A total of 611 patients were randomized; 301 in the masitinib 4.5 mg/kg/d parallel group and 310 in the uptitrated masitinib 6.0 mg/kg/d parallel group. Masitinib (4.5 mg/kg/d) (n = 199) showed significant benefit over placebo (n = 101) according to the primary end point, 0.001 vs 0.098, respectively, with a between-group difference of -0.097 (97% CI -0.192 to -0.002); = 0.0256. Safety was consistent with masitinib's known profile (diarrhea, nausea, rash, and hematologic events), with no elevated risk of infection. Efficacy results from the independent uptitrated masitinib 6.0 mg/kg/d parallel group were inconclusive, and no new safety signal was observed.
Masitinib (4.5 mg/kg/d) can benefit people with PPMS and nSPMS. A confirmatory phase 3 study will be initiated to substantiate these data.

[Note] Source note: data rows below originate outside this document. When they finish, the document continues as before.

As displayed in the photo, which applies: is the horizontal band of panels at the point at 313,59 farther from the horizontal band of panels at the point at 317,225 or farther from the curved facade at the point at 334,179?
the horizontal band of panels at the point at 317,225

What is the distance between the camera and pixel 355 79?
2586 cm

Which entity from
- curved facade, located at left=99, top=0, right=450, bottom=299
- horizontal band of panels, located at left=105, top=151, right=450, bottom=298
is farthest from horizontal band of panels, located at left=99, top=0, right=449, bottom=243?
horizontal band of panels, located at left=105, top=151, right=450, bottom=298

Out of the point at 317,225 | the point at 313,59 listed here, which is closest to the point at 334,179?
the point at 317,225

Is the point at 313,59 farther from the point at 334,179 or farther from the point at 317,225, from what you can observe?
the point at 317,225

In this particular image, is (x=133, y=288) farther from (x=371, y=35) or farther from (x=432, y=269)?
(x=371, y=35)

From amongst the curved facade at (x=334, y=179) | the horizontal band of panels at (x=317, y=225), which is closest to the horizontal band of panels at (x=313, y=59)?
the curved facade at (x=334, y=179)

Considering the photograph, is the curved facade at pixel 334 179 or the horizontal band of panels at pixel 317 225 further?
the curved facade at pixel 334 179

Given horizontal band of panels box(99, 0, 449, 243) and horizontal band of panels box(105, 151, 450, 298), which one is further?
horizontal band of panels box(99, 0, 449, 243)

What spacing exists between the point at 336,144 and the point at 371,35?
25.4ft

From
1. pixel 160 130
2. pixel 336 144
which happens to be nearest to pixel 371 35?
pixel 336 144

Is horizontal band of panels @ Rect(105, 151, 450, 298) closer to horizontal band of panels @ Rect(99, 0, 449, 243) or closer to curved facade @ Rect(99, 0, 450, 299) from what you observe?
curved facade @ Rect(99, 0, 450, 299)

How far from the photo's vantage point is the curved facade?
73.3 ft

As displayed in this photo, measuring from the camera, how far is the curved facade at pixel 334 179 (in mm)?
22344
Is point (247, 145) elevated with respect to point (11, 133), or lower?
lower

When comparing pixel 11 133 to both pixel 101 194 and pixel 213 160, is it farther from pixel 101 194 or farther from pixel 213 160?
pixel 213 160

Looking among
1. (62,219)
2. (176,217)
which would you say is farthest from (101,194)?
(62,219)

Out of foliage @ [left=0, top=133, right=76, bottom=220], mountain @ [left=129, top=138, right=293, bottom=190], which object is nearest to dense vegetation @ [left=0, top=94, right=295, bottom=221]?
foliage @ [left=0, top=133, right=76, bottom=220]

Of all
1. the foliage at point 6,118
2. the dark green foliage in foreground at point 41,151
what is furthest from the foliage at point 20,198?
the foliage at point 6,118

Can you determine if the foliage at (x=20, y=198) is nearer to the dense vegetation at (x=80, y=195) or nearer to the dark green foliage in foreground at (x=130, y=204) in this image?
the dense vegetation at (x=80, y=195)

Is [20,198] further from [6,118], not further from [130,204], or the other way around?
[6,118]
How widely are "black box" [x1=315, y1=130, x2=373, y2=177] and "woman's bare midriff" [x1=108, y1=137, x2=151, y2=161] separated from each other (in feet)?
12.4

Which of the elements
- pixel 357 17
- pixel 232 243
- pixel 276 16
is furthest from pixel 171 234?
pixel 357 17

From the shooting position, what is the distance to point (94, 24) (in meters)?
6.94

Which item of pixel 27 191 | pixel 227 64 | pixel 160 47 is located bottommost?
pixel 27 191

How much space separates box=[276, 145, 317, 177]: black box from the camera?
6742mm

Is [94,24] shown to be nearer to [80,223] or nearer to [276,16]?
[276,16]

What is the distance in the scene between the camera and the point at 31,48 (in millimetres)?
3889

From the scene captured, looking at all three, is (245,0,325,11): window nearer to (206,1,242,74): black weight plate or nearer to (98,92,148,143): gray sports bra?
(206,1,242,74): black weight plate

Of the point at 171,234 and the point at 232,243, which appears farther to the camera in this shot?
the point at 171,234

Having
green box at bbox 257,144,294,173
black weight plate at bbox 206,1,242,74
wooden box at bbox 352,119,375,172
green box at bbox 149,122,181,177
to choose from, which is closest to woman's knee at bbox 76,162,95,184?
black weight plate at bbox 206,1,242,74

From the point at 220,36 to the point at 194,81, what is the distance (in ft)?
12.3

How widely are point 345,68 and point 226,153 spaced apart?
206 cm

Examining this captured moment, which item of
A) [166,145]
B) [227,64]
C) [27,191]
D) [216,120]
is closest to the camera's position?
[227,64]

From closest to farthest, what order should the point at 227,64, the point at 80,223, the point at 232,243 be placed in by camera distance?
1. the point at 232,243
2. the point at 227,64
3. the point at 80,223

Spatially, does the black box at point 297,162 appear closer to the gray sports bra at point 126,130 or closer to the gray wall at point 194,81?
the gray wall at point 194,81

The first participant was randomized to study AB07002 on August 25, 2011. The trial was registered with the European Clinical Trials Database (#EudraCT 2010-021219-17) on July 1, 2011 (clinicaltrialsregister.eu/ctr-search/trial/2010-021219-17/ES) and with ClinicalTrials.gov (#NCT01433497) on September 14, 2011 (clinicaltrials.gov/ct2/show/NCT01433497).
This study provides Class II evidence that masitinib 4.5 mg/kg/d decreased progression of disability, measured by the EDSS, in adults with PPMS or patients with nSPMS (with no exacerbations in the last 2 years).

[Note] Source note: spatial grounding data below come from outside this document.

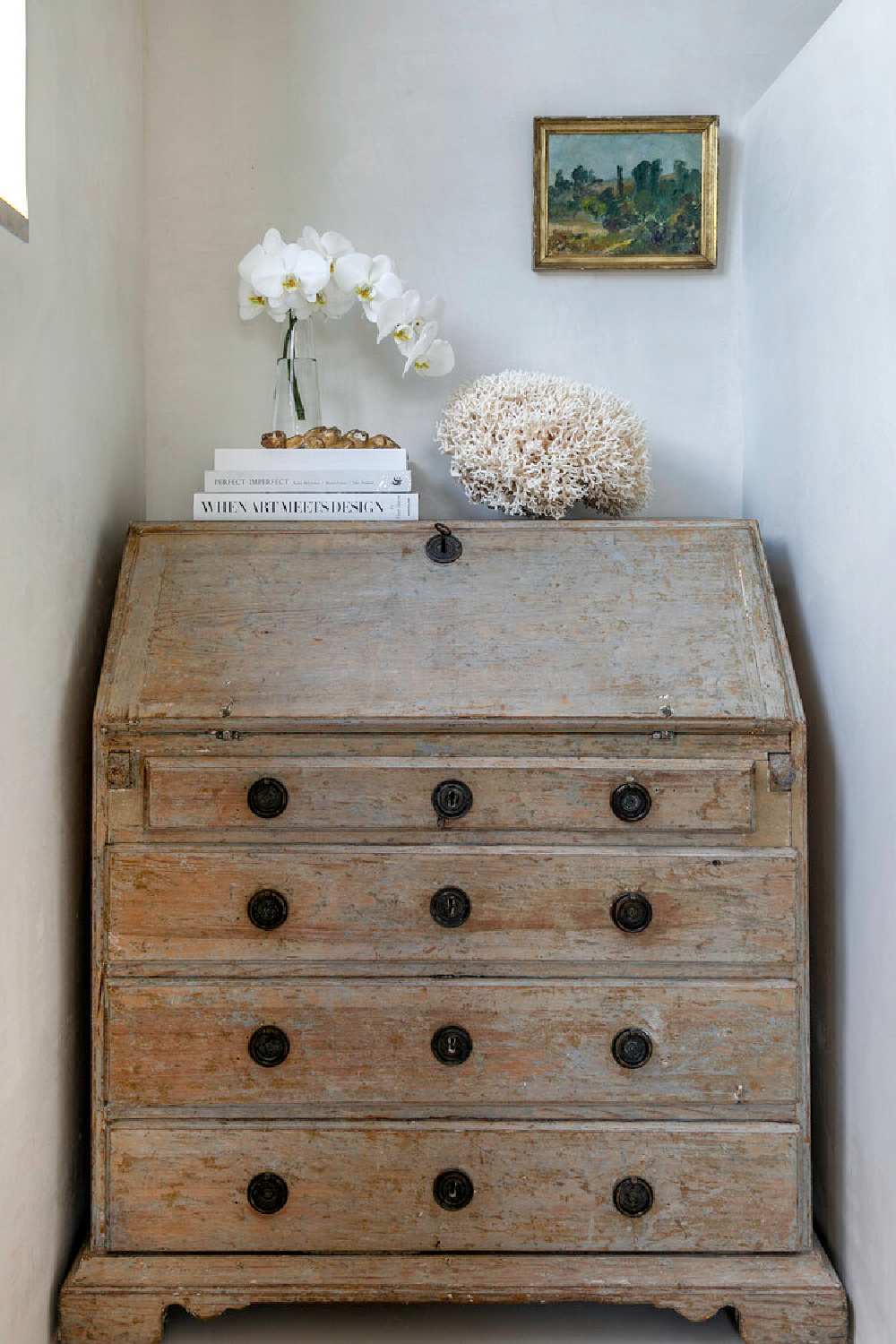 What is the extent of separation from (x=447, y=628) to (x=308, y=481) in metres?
0.38

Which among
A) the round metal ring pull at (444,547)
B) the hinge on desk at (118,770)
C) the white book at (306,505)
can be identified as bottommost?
the hinge on desk at (118,770)

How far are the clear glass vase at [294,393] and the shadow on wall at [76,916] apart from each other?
43cm

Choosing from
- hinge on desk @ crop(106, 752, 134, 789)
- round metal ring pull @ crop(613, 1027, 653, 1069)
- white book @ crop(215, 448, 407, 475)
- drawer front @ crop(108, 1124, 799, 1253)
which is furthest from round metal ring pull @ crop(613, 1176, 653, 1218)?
white book @ crop(215, 448, 407, 475)

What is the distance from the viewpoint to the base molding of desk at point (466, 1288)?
154cm

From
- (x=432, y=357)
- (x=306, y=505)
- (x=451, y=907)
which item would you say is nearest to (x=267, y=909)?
(x=451, y=907)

马替尼是一种选择性酪氨酸激酶抑制剂,针对的是参与进行性多发性硬化症(MS)病理生理学的固有免疫细胞(肥大细胞和小神经胶质细胞)。AB07002 研究评估了进展性 MS 患者口服马替尼的情况,这些患者正在进展但没有临床活动。
这项随机、双盲、2 平行组、安慰剂对照试验在 20 个国家的 116 家医院诊所和专门的 MS 中心进行,评估了 2 种马替尼剂量水平与等效安慰剂的疗效。使用自动化系统进行中央随机分组(2:1)和最小化。患者、医生和结果评估者对治疗组分配保持盲态。患有原发性进展性 MS(PPMS)或无复发 2 年以上的非活跃性继发性进展性 MS(nSPMS)、年龄在 18-75 岁之间、基线扩展残疾状况量表(EDSS)为 2.0-6.0、且不论发病时间如何的患者,接受 96 周的治疗。主要终点是使用重复测量(广义估计方程,时间框架 W12-W96,每 12 周测量一次)从基线评估总体 EDSS 变化,正值表示临床恶化增加。在所有随机分配和治疗的患者中评估疗效和安全性。
共有 611 名患者被随机分配;4.5mg/kg/d 马替尼平行组 301 例,上调剂量 6.0mg/kg/d 马替尼平行组 310 例。与安慰剂(n=101)相比,马替尼(4.5mg/kg/d)(n=199)显示出显著的益处,分别为 0.001 和 0.098,组间差异为-0.097(97%CI-0.192 至-0.002); = 0.0256。安全性与马替尼已知的特征一致(腹泻、恶心、皮疹和血液事件),没有感染风险增加。独立上调剂量的 6.0mg/kg/d 马替尼平行组的疗效结果不确定,没有观察到新的安全性信号。
马替尼(4.5mg/kg/d)可以使 PPMS 和 nSPMS 患者受益。将启动一项确证性的 3 期研究来证实这些数据。
第一名参与者于 2011 年 8 月 25 日被随机分配到 AB07002 研究中。该试验于 2011 年 7 月 1 日在欧洲临床试验数据库(#EudraCT 2010-021219-17)注册,于 2011 年 9 月 14 日在 ClinicalTrials.gov(#NCT01433497)注册(clinicaltrialsregister.eu/ctr-search/trial/2010-021219-17/ES)。
这项研究提供了 II 级证据,表明马替尼 4.5mg/kg/d 降低了进展性多发性硬化症(PPMS)患者或无恶化 2 年以上的非活跃性继发性进展性多发性硬化症(nSPMS)患者的残疾进展,用 EDSS 测量。